MOJOK.CO – Dua sekawan dalam kemiskinan menjalin persahabatan yang kuat. Mereka berbeda agama dan agama bagi diri mereka masing-masing adalah cahaya dan anugerah. Tapi, di hadapan masyarakat, perbedaan agama membuat persahabatan mereka terlarang.
Dari membaca sedikit karya sastra modern India, saya menangkap kesan kuatnya tema keagamaan, konflik, dan persahabatan bertumpang-tindih dengan masalah kemiskinan, kesenjangan sosial, buruknya pelayanan birokrasi, dan penindasan perempuan. Dari segi sosial ini, tampak kesejajaran latar belakangnya dengan Indonesia dan, barangkali karena itu, rasanya ada selalu perasaan senasib ketika membacanya.
Sebagai contoh, novel penulis perempuan Amrita Pritam (1919-2005) berjudul 49 Hari ini.
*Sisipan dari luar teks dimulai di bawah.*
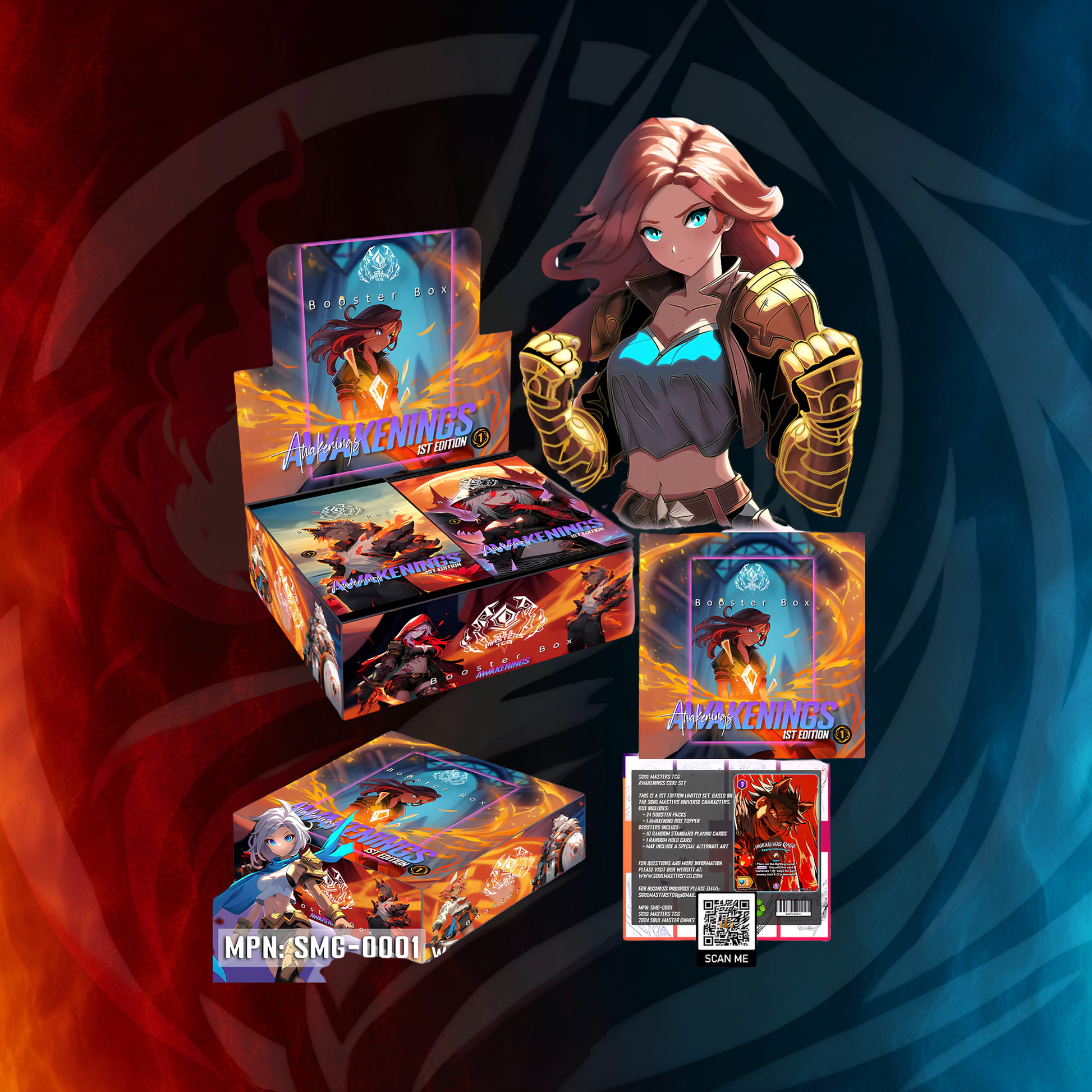 Soul Masters Awakenings booster box with character card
Novel ini berkisah tentang persahabatan dua orang yang sama miskin papanya, tapi berbeda agama: Karim, seorang pekerja percetakan, dan Sanjay Lalamu, seorang penulis muda yang sedang merintis karier. Persahabatan ini diperlihatkan pengarang dalam adegan yang panjang dan mengesankan ketika Karim sekeluarga mengurus Sanjay yang sakit demam, tertekan karena baru saja ditinggal mati kekasihnya.
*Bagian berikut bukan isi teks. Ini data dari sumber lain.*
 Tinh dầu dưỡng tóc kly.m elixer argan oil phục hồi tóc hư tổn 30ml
Ketulusan dan kesabaran Karim mengurus Sanjay ini mengundang keharuan dan simpati. Tetapi, hukum sosial tidak mudah menerimanya karena Karim dan Sanjay berbeda agama. Saat Karim mengundang dokter ke rumahnya untuk memeriksa Sanjay, terjadi dialog yang sangat mengharukan.
“Tuan Dokter! Janganlah dimasukkan hati, … saya tak dapat membayar ongkosnya.”
“Bagaimana keadaannya?” Dokter berhenti di ambang pintu sedikit bimbang.
“Seperti sebelumnya… tidak ada perubahan sedikit pun. Kecuali barangkali suhu badannya. Sekarang sudah kembali biasa.”
“Tunggu dulu.” Ia menahan Karim dari memanggil taksi yang lewat namun tidak bergerak masuk maupun keluar.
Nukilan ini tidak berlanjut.